Tentative de centralisation et polices primitives


Commençant par le commencement, Uranaka Chikao nous décrit l’âge d’or du Japon préhistorique (périodes Jomon et Yayoi, soit du Xème siècle avant J.C à 250 après J.C), son paradis perdu, où « la vie quotidienne » d’après lui, était « douce et pacifique, avec peu de délinquance et de désordres »   Les « déviances » à l’époque sont établies à l’aune des religions animistes du shintoïsme qui distingue deux catégories de délits. La première, l’amatsu tsumi (les « péchés du ciel ») désigne des infractions très diverses mais néanmoins exotiques, comme le anahachi (destruction d’une rizière), le ikihagi (écorcher un cheval vivant) ou encore le kusohe qui consiste à profaner un lieu de culte avec ses excréments   . La deuxième catégorie, le kunitsu tsumi (« péchés sur terre »), recouvre des interdits liés aux relations humaines en société, comme la violence, l’outrage du cadavre, divers types d’incestes ou encore la zoophilie. Les solutions, outre l’exil du fautif, consistaient souvent en des cérémonies de purification de la communauté.

Avec la création en 710 du Yamato, un embryon d’Etat, les besoins de sécurité et d’ordre public apparaissent. Afin de faire appliquer le système administratif du ritsuryô, l’empereur Saga fait créer en 816, les kebiishi, une police impériale de Kyôto, dont le champ d’intervention se limite à la capitale. Deux autres corps de police viennent compléter ce premier dispositif policier. Face à l’augmentation de l’attaque des convois d’impôts par des pirates en mer ou des paysans pauvres sur les chemins, la cour impériale crée le tsuibushi. Par ailleurs, un autre corps, les ôryôshi ont pour mission d’escorter les paysans envoyés à Dazaifu, au sud du Japon, pour faire leur service militaire. Bientôt, ils sont chargés de la sécurité des routes principales hors de Tôkyô.

Au XIIème siècle, Minamoto no Yoritomo crée un gouvernement militaire à Kamakura, le shogunat. Le système est en partie décentralisé et dans chaque domaine, les seigneurs (bushi) ont la possibilité de juger des petits actes de délinquance et d’appliquer les peines. Avec le shogunat de Muromachi (XIVème siècle) le pays s’enfonce dans des guerres civiles qui dureront deux siècles. C’est l’époque du « monde à l’envers » (gekokujyô) et il n’y a plus à proprement parler de corps de police.

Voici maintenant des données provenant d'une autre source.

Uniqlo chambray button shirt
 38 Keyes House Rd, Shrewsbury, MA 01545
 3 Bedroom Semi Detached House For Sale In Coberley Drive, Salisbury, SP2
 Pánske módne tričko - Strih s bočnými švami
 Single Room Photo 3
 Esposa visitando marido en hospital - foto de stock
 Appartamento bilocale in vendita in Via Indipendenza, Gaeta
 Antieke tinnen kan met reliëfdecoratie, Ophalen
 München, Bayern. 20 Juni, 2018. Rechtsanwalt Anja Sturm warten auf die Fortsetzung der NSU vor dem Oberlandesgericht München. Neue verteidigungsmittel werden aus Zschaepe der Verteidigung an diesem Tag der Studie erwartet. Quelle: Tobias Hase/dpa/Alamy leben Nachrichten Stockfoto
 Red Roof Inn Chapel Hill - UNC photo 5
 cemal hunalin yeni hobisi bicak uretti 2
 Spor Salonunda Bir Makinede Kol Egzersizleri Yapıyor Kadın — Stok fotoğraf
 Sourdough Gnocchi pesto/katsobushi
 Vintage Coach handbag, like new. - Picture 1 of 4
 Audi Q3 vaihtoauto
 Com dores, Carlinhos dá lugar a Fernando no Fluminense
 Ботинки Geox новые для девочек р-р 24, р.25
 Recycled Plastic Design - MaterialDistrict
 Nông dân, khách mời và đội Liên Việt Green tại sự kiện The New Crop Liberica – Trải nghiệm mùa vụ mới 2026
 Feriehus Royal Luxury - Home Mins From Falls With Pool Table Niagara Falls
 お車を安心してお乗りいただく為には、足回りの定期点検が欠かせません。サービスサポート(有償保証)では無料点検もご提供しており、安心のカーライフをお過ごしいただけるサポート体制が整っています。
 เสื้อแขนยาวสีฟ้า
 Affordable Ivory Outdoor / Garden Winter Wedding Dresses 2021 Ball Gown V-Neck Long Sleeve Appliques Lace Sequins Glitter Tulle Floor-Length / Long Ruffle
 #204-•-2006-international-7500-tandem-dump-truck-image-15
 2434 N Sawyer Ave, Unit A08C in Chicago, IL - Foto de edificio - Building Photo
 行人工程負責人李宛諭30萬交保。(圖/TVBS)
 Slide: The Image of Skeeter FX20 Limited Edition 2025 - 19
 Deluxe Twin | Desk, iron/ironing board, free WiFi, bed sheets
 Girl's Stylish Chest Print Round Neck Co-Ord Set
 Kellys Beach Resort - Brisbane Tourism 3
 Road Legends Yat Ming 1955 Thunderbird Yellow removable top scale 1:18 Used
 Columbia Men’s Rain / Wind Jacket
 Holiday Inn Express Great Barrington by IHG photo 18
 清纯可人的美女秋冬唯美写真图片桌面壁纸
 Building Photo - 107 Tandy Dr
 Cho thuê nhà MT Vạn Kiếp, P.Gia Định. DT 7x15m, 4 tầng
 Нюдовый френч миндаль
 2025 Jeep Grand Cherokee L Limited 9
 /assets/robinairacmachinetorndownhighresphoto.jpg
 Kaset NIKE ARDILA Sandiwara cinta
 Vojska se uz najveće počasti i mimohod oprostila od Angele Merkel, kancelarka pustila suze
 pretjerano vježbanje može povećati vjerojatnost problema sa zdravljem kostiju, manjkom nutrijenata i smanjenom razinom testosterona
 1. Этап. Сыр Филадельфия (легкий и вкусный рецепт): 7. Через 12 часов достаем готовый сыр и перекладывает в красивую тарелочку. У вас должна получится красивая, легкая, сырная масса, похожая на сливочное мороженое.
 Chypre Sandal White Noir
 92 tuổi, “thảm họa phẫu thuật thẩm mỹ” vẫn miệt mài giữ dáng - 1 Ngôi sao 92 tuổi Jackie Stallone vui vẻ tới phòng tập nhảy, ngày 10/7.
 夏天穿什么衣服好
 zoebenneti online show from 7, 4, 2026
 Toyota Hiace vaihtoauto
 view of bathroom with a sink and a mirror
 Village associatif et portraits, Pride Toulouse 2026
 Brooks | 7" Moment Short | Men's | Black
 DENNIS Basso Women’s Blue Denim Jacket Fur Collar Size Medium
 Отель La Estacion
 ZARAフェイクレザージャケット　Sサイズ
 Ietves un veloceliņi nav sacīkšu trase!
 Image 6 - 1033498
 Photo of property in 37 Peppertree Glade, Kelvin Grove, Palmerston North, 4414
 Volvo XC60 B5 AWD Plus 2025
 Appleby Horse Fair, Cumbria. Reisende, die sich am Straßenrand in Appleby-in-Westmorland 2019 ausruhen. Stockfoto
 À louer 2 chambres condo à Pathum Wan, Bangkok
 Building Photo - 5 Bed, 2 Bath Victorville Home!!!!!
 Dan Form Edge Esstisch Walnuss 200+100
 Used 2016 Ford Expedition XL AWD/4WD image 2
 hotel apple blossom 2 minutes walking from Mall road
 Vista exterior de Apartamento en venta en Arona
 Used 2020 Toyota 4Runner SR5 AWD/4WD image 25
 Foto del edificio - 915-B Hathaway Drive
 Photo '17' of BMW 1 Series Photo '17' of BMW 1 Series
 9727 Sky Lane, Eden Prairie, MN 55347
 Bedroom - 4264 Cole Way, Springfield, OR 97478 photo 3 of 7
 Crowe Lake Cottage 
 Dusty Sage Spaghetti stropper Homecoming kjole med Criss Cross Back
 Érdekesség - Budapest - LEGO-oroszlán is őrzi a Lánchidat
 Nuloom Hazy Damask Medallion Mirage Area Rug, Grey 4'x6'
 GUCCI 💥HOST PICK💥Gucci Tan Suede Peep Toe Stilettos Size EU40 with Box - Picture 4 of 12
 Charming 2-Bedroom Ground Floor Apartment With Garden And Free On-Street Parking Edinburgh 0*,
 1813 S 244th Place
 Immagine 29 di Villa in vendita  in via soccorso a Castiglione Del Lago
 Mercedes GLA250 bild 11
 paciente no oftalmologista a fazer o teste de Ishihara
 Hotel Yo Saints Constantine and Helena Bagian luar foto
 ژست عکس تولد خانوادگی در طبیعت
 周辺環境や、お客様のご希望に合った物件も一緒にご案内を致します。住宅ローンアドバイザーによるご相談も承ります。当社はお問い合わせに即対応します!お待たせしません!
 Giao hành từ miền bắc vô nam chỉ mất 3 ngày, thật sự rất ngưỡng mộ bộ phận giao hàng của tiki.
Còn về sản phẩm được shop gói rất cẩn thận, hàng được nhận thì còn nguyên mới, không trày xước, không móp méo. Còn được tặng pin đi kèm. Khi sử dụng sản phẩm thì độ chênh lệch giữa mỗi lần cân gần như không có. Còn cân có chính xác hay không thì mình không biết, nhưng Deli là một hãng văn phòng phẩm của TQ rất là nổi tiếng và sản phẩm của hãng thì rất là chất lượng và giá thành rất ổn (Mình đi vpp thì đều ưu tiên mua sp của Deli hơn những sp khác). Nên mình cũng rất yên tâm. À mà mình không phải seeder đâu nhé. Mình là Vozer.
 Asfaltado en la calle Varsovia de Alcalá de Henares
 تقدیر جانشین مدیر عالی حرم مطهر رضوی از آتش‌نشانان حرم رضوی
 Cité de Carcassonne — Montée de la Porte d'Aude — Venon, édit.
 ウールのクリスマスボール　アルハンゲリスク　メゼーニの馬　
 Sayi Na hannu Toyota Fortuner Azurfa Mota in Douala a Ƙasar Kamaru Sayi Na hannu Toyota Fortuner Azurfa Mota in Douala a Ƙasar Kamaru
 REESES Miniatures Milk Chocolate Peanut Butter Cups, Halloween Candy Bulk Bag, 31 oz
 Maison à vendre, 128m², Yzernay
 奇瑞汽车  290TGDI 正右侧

L’arrivée au pouvoir de la famille Tokugawa en 1603 met fin aux conflits. Un système féodal se met en place, avec l’obligation pour les vassaux d’habiter six mois par an à Edo   , sous la domination des Tokugawa. Pour assurer la sécurité et protéger le régime, trois instances de sécurité sont créent, le san bugyô. Mais le gouvernement des Tokugawa mise surtout sur le contrôle social institutionnalisé pour assurer l’ordre public. Comme l’explique Uranaka Chikao, il « favorise le développement d’un système de surveillance communautaire fondé sur le voisinage, avec pour base des groupes de cinq ménages (gonin gumi) »   De plus, la délation est encouragée par les autorités. En somme, alors qu’il n’y a à cette époque pas plus de 250 agents pour toute la ville d’Edo, l’organisation communautaire avec la présence de postes de police et de prévention des incendies dans chaque quartier, gérés par la population, permet un quadrillage étroit de la capitale.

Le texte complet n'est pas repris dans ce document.